■ **DATA SHOWN**
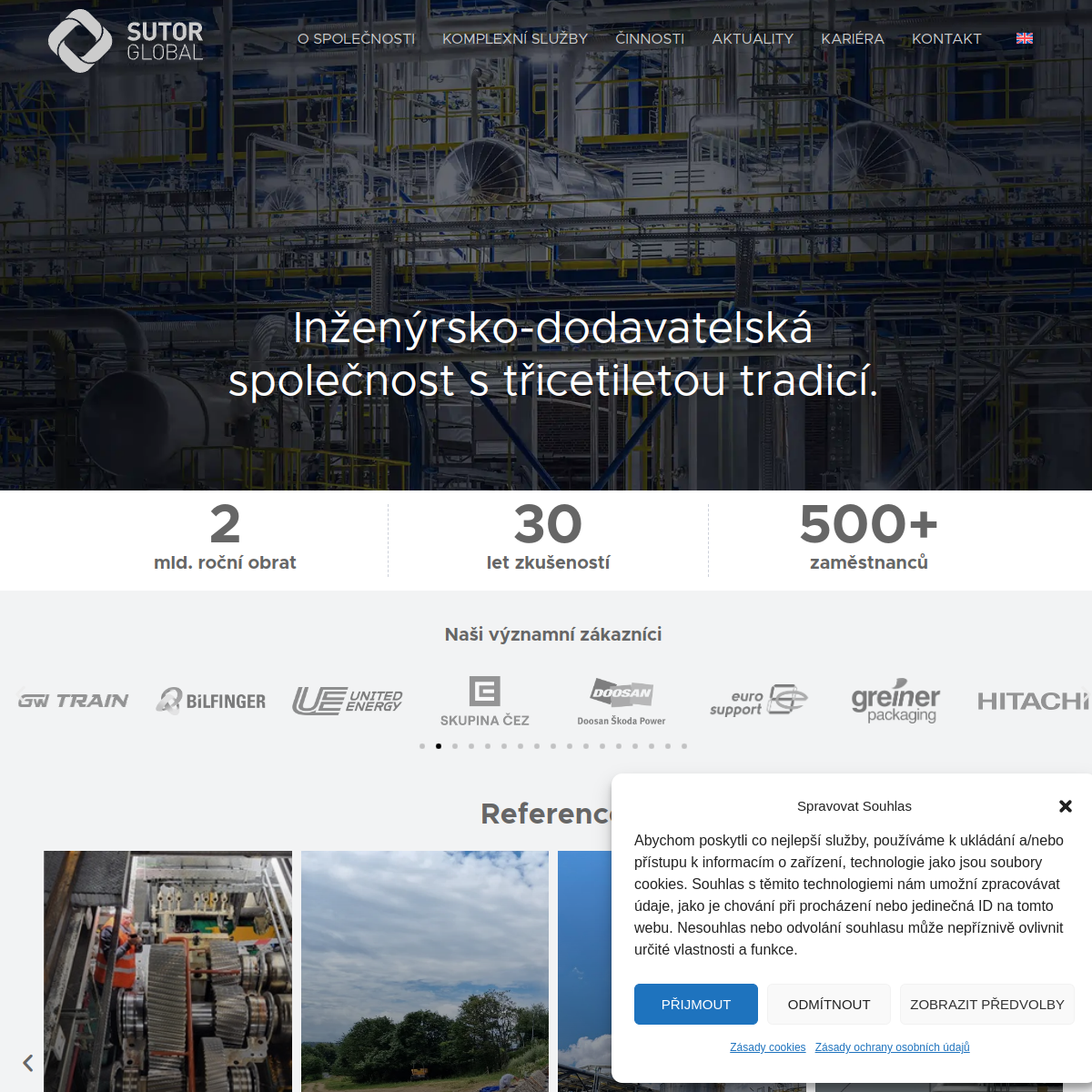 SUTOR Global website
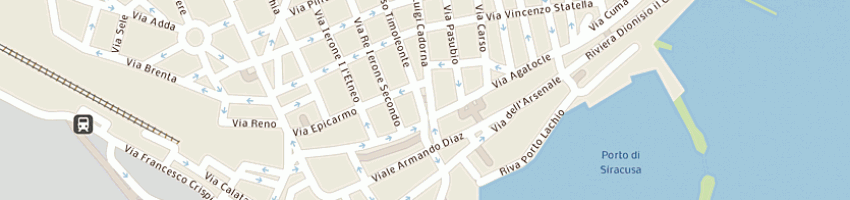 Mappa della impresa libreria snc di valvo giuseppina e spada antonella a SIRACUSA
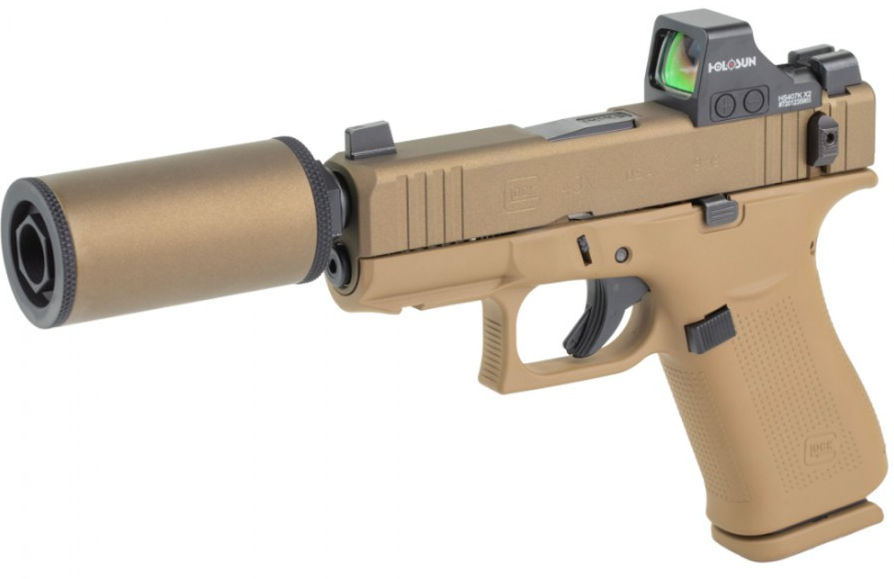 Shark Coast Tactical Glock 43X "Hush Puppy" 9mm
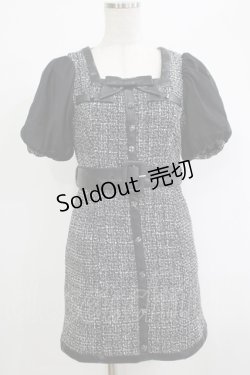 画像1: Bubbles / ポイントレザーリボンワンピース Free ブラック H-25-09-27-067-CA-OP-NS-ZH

■ **ABOUT THIS EXERCISE**
No pictures belong in the answer; copy all other parts of the listing exactly.

■ **SOLUTION FOR THIS TASK**
 SUTOR Global website
 Mappa della impresa libreria snc di valvo giuseppina e spada antonella a SIRACUSA
 Shark Coast Tactical Glock 43X "Hush Puppy" 9mm
 画像1: Bubbles / ポイントレザーリボンワンピース Free ブラック H-25-09-27-067-CA-OP-NS-ZH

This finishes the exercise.